NMI and mepc

Monte Dalrymple

unread,

Feb 4, 2016, 3:25:05 PM2/4/16

to isa...@lists.riscv.org

NMI has its own entry in the vector table, but I believe that it also
needs its own mepc register. Consider this case: a trap service
routine has just started and before the state can be saved an NMI
is taken, overwriting the mepc register. There may be a similar
issue with the mstatus register. A by product of this is that a
separate sret instruction will be needed (or perhaps a parameter
in the sret) to select the correct return register.
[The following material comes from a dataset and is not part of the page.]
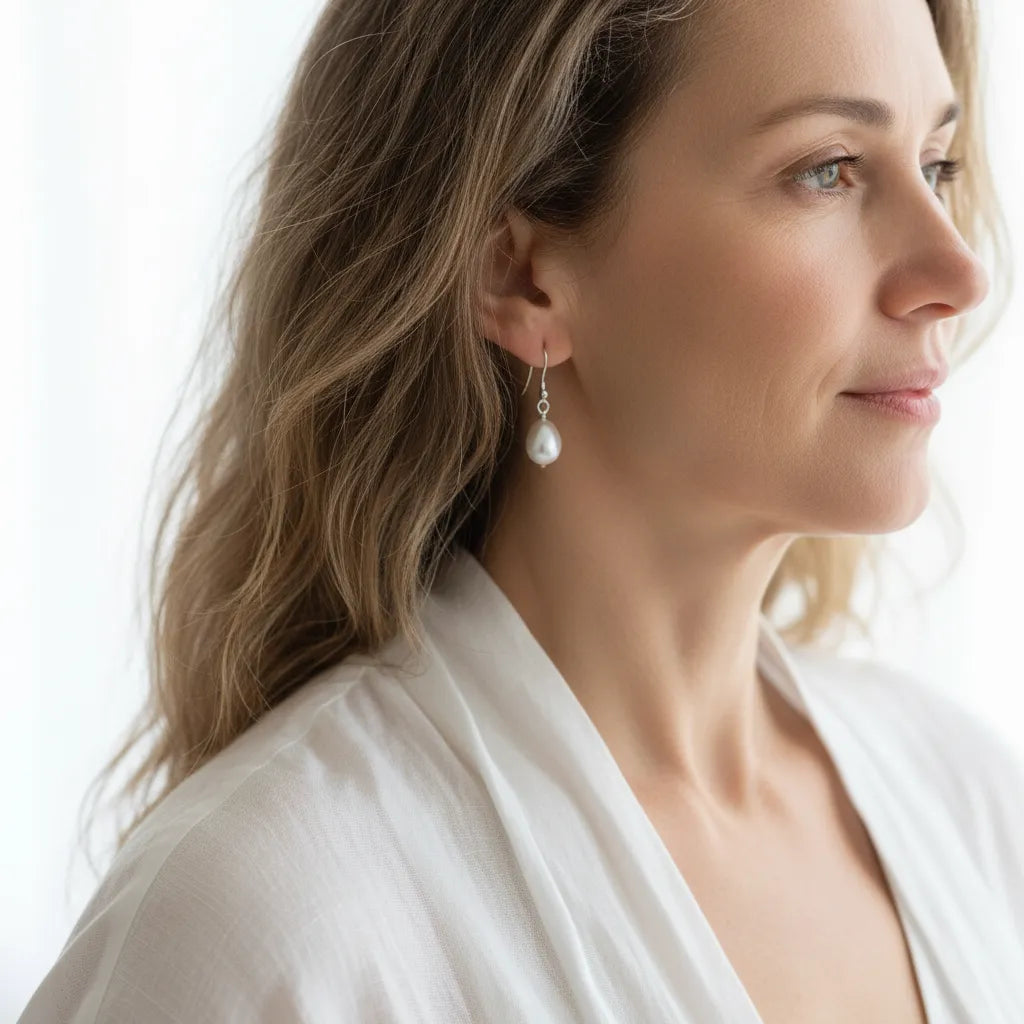 Silver pearl drop earrings with leverback and shepherd hook earwires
If multiple NMIs
are allowed, as suggested in the spec, a separate register for
each NMI will be needed.

There is a similar issue on the return from sbreak, where I think
a separate sret flavor will be required if debugging or single-
stepping through an interrupt service return is desired.

Andrew Waterman

unread,

Feb 4, 2016, 3:59:47 PM2/4/16

to Monte Dalrymple, isa-dev

Our intent has been to reserve NMIs for non-resumable events, in which
case clobbering mepc and friends is OK. It's also not obvious that
another set of exception-handling register suffices; the NMI itself
could be interrupted by an NMI. (If that weren't true, it wouldn't
actually be non-maskable...)

Monte Dalrymple

unread,

Feb 4, 2016, 4:24:41 PM2/4/16

to Andrew Waterman, isa-dev

If that is the case then I submit that the "NMI" label should be
replaced by something else, since Interrupt implies resumable.
Perhaps "FE" (Fatal Exception) or something similar.

Cesar Eduardo Barros

unread,

Feb 4, 2016, 4:57:21 PM2/4/16

to Monte Dalrymple, Andrew Waterman, isa-dev

Em 04-02-2016 19:24, Monte Dalrymple escreveu:
> If that is the case then I submit that the "NMI" label should be
> replaced by something else, since Interrupt implies resumable.
> Perhaps "FE" (Fatal Exception) or something similar.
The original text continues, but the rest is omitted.